Records from a collection
═══

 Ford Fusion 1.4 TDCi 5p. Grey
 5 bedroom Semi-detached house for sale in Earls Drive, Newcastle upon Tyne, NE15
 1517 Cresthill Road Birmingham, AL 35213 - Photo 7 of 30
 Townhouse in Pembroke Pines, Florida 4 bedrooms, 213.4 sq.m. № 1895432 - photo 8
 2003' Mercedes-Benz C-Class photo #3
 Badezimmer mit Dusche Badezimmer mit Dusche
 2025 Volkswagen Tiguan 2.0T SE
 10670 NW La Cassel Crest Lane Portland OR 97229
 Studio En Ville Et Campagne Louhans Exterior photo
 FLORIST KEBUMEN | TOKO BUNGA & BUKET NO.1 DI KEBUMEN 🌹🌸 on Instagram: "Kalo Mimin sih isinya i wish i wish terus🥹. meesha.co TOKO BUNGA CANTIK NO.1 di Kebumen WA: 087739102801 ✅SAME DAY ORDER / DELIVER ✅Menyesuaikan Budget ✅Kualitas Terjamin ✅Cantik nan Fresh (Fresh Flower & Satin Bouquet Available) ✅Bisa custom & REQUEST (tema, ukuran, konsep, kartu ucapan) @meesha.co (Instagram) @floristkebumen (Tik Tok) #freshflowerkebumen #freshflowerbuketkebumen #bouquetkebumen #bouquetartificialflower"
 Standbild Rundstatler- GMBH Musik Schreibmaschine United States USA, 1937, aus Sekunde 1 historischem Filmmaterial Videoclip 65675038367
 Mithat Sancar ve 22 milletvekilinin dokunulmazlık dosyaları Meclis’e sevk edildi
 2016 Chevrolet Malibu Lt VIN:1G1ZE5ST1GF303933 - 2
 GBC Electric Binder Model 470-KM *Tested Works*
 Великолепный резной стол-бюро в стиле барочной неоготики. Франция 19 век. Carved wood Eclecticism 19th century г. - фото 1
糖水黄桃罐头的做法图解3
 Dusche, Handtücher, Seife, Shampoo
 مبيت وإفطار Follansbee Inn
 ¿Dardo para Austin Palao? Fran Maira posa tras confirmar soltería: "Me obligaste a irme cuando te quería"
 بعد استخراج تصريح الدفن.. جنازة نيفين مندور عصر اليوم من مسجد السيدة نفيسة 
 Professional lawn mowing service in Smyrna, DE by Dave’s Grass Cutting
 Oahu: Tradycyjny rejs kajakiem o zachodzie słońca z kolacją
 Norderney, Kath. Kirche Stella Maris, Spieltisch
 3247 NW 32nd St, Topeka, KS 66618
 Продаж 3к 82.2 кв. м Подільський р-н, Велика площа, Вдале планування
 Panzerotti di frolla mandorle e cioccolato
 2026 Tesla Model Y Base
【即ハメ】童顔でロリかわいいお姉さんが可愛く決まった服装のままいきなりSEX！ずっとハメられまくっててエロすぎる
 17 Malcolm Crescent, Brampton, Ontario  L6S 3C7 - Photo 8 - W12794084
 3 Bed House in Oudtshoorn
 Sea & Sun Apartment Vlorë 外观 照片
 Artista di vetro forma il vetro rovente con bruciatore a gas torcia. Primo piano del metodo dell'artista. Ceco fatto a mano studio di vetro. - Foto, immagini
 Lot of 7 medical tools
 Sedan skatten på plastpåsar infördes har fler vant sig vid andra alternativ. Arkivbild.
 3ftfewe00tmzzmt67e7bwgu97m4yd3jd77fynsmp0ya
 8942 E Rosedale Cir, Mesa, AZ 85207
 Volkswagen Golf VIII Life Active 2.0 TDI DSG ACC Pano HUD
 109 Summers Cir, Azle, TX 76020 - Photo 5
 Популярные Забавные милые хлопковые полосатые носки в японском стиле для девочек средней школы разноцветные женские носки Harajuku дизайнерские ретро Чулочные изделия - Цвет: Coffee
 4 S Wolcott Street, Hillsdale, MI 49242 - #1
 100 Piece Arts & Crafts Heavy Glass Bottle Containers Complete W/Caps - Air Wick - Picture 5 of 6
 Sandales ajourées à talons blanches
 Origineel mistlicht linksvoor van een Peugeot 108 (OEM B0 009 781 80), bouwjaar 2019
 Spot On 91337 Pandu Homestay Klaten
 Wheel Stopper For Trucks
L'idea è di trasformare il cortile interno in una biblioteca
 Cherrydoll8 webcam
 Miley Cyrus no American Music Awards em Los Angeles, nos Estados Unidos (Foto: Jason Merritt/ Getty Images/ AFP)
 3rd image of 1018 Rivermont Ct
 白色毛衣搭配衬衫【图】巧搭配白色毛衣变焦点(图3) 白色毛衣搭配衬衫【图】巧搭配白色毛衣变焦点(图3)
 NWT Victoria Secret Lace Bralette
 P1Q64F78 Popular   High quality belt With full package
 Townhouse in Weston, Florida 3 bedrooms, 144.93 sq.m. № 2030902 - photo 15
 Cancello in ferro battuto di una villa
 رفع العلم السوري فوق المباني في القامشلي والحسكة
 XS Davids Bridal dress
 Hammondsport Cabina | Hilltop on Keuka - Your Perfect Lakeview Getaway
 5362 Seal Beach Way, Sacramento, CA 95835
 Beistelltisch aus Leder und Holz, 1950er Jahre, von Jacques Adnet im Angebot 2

═══

EXERCISE OBJECTIVE: Your job is to copy out every line from the records above that has the word "Townhouse".

SOLVED PROBLEM:
 Townhouse in Pembroke Pines, Florida 4 bedrooms, 213.4 sq.m. № 1895432 - photo 8
 Townhouse in Weston, Florida 3 bedrooms, 144.93 sq.m. № 2030902 - photo 15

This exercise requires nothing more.